I firmly believe that another feature of the Scottish system has a part to play in the inexorable development of over-bureaucratic systems. This is the continued adherence to an outcomes-based model of curriculum (for an extended discussion of the model underpinning CfE, see http://www.tandfonline.com/doi/full/10.1080/03054980903518951). The standard model for the outcomes curriculum, with content and outcomes set out as linear levels, has been with us in a variety of forms for at least 25 years now, since the Task Group on Assessment and Testing reported to then Westminster Education Minster Kenneth Baker (see http://www.educationengland.org.uk/documents/pdfs/1988-TGAT-report.pdf).

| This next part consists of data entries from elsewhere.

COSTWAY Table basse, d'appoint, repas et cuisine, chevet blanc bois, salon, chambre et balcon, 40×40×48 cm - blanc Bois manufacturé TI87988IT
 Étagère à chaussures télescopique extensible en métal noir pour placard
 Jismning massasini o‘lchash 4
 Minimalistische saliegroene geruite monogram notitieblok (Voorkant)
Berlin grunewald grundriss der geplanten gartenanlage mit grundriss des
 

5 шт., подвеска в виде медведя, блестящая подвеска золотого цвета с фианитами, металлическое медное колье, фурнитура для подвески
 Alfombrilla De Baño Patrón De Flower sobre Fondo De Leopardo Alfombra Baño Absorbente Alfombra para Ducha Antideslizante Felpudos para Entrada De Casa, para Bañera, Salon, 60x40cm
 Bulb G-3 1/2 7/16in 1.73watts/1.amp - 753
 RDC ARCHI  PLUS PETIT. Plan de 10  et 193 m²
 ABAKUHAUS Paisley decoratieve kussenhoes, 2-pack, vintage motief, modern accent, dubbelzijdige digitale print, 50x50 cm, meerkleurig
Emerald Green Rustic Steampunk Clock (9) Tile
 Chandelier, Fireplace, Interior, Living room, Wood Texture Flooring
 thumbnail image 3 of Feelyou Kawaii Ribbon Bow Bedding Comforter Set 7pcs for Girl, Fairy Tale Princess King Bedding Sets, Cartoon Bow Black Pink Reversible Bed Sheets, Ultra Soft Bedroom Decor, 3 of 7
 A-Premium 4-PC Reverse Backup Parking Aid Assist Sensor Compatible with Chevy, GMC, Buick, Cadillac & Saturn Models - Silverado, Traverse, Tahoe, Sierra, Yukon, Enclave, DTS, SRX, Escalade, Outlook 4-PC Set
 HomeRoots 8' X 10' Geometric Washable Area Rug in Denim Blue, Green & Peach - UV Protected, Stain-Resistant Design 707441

This ‘innovative’ response to a problematic set by a politician determined to regulate the school curriculum was initially intended to be a teacher led assessment system, but quickly morphed into the system of SATs so familiar to teachers in England, Northern Ireland and Wales. It clearly appealed to the political imagination, going viral around the world and underpinning the development of output regulation of teachers’ work. One, possibly apocryphal story relates the tale of how the number of levels was set in Australia and New Zealand in the early 1990s. The story goes that Australia specified twelve levels; in New Zealand the curriculum mooted five. The compromise (necessary because of a memorandum of economic cooperation between the two countries) was to plump for eight. I digress here, but include this ‘pin the tail on the donkey’ anecdote to illustrate that curricular decisions are not always taken for educational reasons. This brings me to my main point: that curricula based around linear levels of outcomes are a lot to do with accountability and little to do with education. This would not be a problem if they did not interfere with educational processes. My view is that they do. Our research in Scotland suggests that the model encourages instrumental, tick-box approaches to defining the curriculum. There is a wealth of literature suggesting that outcomes-based approaches, by specifying learning in advance in minute detail, narrow what is learned. They are associated with excessive and labyrinthine bureaucracy, and instrumental, assessment-driven teaching. Echoing Keir Bloomer’s 2009 observations, the E&Os of CfE are a cul-de-sac, limiting the potential of CfE (see http://www.tes.co.uk/article.aspx?storycode=6018018).

So where now? How do we tackle bureaucracy? One answer is to restore trust in teachers. At present, there is much talk about this, but I remain unconvinced that the talk is backed up by action. Another is to look seriously at the continued place of outcomes set out as linear levels. At the aforementioned conference on CfE last week, Alasdair Allan, Minister for Learning, Science and Scotland’s Languages, stated that no revision of the E&Os is in the pipeline. Keir Bloomer, talking at the same conference suggested that they should be. Recent developments in England suggest that we need to go further in terms of levels, removing them altogether from the assessment equation (see http://www.huntingenglish.com/2013/12/06/moving-beyond-national-curriculum-levels/ and http://classteaching.wordpress.com/assessment-without-levels/). Is it now time in Scotland for some more radical thinking about the structure of the curriculum, keeping the core principles of CfE, but establishing different processes for its development by the abolition of levels and outcomes? Such a suggestion will no doubt be subject to lively debate, which I very much welcome. Needless to say, this should be underpinned and supported by rigorous research into the conditions and social processes through which bureaucracy has infected CfE.